Upon returning to the United States, after his tour as the Deputy Senior Advisor of ARVN III Corps (December 1969 to November 1970), Brigadier General D.P, MacAuliffe submitted his Senior Officer Debriefing Report to the Department of the Army on November 26, 1970. In this document, General McAuliffe offered his appraisal of General Do Cao Tri as following:

Having served with Lieutenant General Do Cao Tri in a close working relationship on a daily basis for the past year, I have been impressed by his patriotism, dedication to the Army and his mission, strong pragmatic leadership, relentless drive against the enemy, personal courage (his heroism in combat is legend), honor, and love for the Vietnamese soldiers entrusted to him. There is no question but that much of the credit for the extraordinary progress made by III Corps and MR 3 in the past year must be attributed personally to General Tri, for his enlightened leadership, initiative, resolve, perception and vision. Yet, rumors of corruption follow him', alleging, for example, that he receives kickbacks from province chiefs and from the lumber industry, and is involved in black market activities. By his own admission, General Tri is wealthy but he maintains that his wealth is inherited. His family has, for generations, owned much land in Bien Hoa Province. He makes no effort to conceal the trappings of luxury with which he is surrounded in garrison and at home. As one born to wealth, he takes much of this for granted.
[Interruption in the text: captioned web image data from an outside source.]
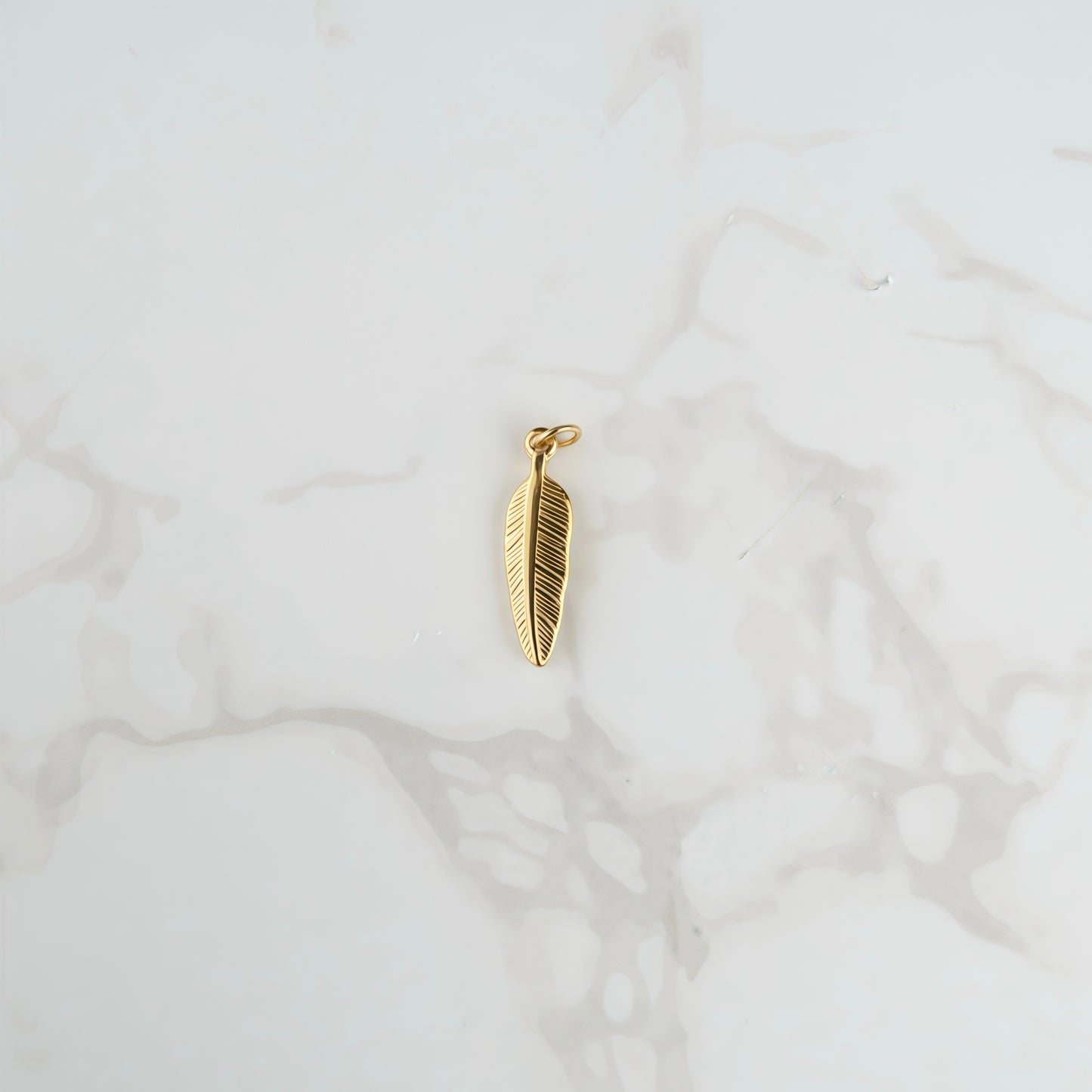 CHARM PIUMA
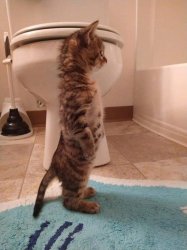 Standing Cat Meme Template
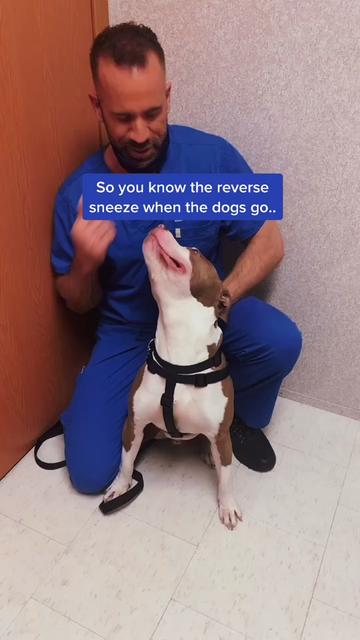 @dr.adam_christman_Veterinarian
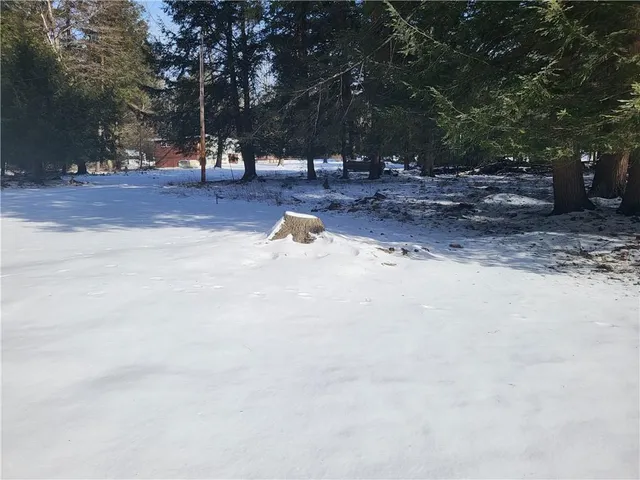 a view of a yard with a tree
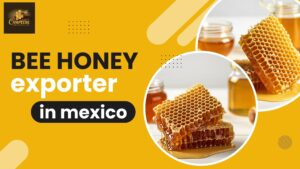 bee honey exporter in mexico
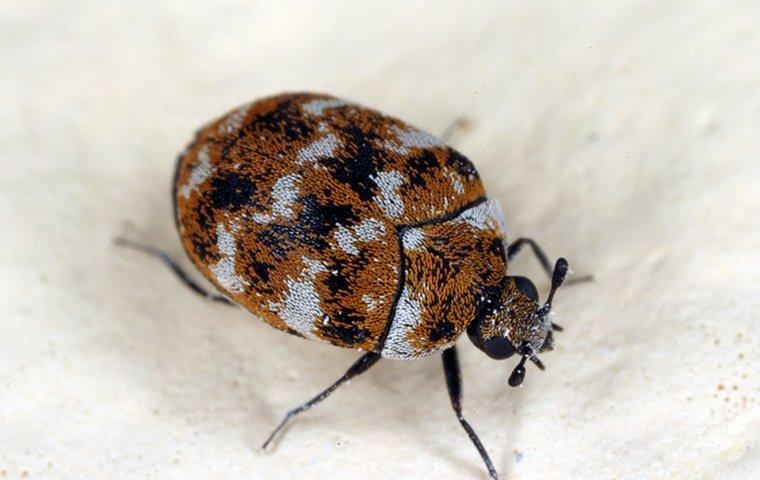 carpet beetle larvae vs bed bugs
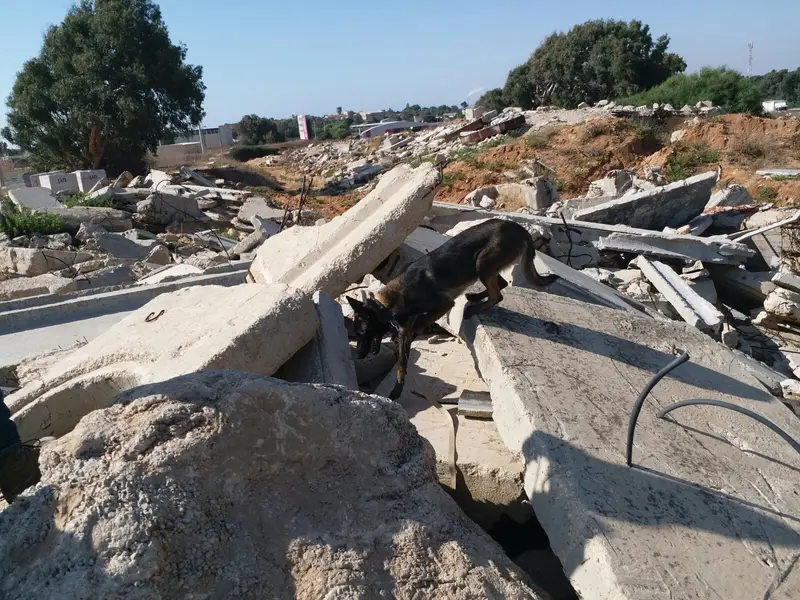 כלב רעידות אדמה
I find the charge of corruption --as we understand it in a western sense completely incongruous with the soldierly qualities which are paramount in his character. Moreover, it has been my personal observation that the rumors of corruption associated with General Tri seem to rise and fall in direct proportion to his current prominence and popularity. Military Region 3 and, in fact, the country would be the real losers if such allegations were permitted to neutralize or remove his superb leadership.

This debriefing report was declassified on 11 Jun 1983.